Bütün anketler toplumun büyük çoğunluğunun İmralı Süreci'ndeki barış ve çözüm arayışını desteklediğini gösteriyor.
Tabular yıkılırken
Bugünün dünden farkını görmek için mesela "Tabuların yıkılması süreci"ni de hatırlayın...
"Milliyetçilik" kavramını bile düne göre o kadar farklı boyutlarda değerlendirebiliyoruz ki.
"Vesayetçi demokrasi"nin ne olduğunu bilmezdik, sadece sonuçlarını kabullenirdik. Bütün bunlar iyimserlikle karşılanması gereken gelişmeler değil mi?

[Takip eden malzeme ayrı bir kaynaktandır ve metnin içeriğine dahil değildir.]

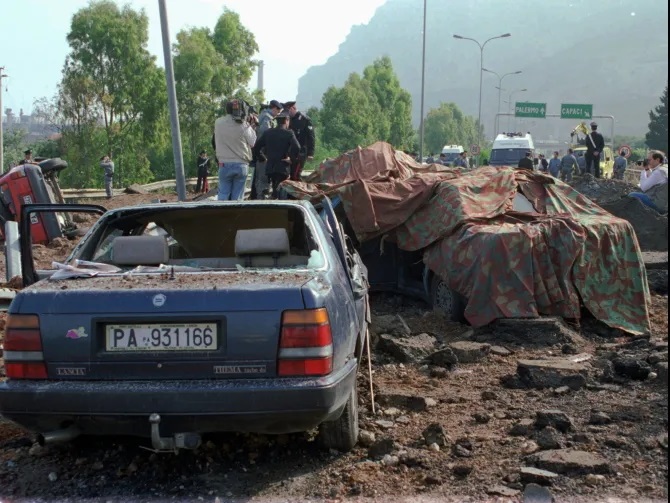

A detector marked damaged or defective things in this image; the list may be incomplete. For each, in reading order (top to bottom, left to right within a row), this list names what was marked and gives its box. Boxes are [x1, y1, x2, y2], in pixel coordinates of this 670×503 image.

damaged blue lancia thema [0, 200, 370, 452]
wrecked car under tarp [280, 142, 652, 336]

Ama bazılarımız da bu akıl çağının tehlikeler taşıdığını düşünüyor.
Öcalan'ın bile artık barışı istemesini değerlendirmek yerine, İmralı Zabıtları'nda yer alan bazı söylemlerine takılmayı tercih edenler az değil.
Ama bütün bunlar da geçici durumlar.
Kim baltalamak ister?
Sonuçta bu zabıtların yayınlanması bile İmralı Süreci'nin daha fazla şeffaflaşmasını sağlamıştır.

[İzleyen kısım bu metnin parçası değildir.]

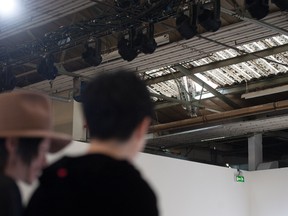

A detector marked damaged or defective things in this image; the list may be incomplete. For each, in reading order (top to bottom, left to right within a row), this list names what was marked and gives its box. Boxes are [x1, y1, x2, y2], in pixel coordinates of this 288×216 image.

ceiling damage [0, 0, 288, 169]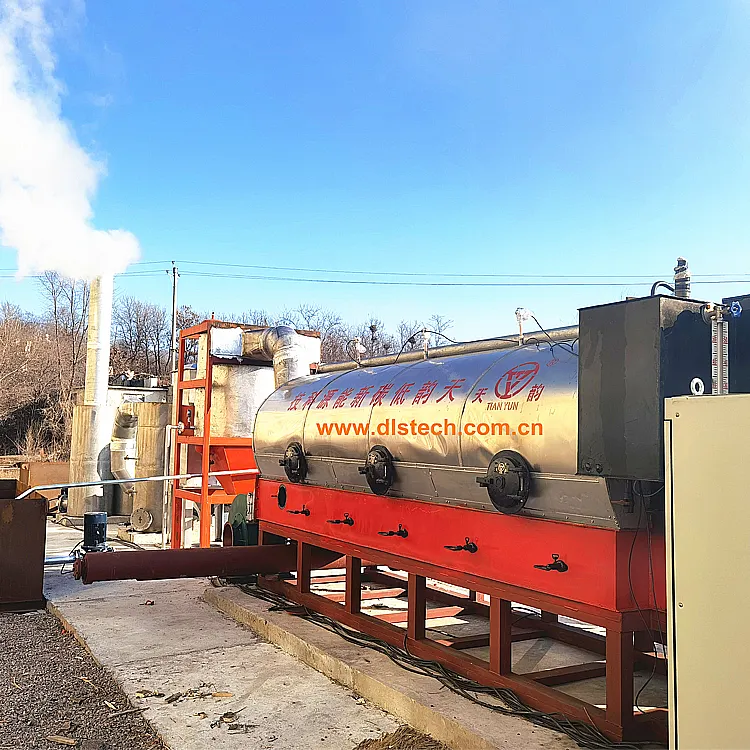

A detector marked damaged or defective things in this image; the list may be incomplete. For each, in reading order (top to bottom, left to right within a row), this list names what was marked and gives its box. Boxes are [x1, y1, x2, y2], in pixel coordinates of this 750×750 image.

rusty metal tank [254, 338, 636, 532]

Bu zabıtların sızdırılması ise Etyen Mahçupyan'ın Zaman'daki köşesinde çok doğru teşhis ettiği gibi "Acaba bu süreci baltalamak, Kürt meselesinin barışçı bir yola girmesini engellemek isteyenler kimler ve nasıl oluyor da Kürt siyaseti içinde yandaş bulabiliyorlar" sorusunu yeniden hatırlatmıştır.
Ama artık bu gibi durumlar karşısında da eskisinden farklı biçimde donanımlıyız.
"Türk milliyetçiliği"ni eski içeriğiyle yorumlayanlar nasıl var ise, "Kürt milliyetçiliği"ne ilişkin yorum farkları olması doğal değil mi?
Nasıl bazı siyasetçilerimiz için Kürt realitesi sadece bir güvenlik ve bütünlük sorunu ise, bazı Kürt siyasetçileri için de olay bir şiddet ve bölücülük meselesi değil mi?
Erdoğan devam etmelidir
"Kandil" diye bilinen olgu ile "İmralı" arasındaki yaklaşım farkları, bizim TBMM içinde gözlemlediğimiz yaklaşım farklarından daha mı az sanki?
Çözüm "Demokrasi"den sapmamamıza bağlıdır. Toplumun çoğunluğu barış ve çözüm istiyorsa -ki istiyor- bu süreç bütün sızıntılara ve engellemelere karşın, hedefine ulaşacaktır.
Bu çözüm bir siyasetçinin biyografisinde yer alabilecek en büyük başarı olur.
Başbakan Erdoğan'ın bu yolda en ufak tereddüt göstermemesi gerekiyor.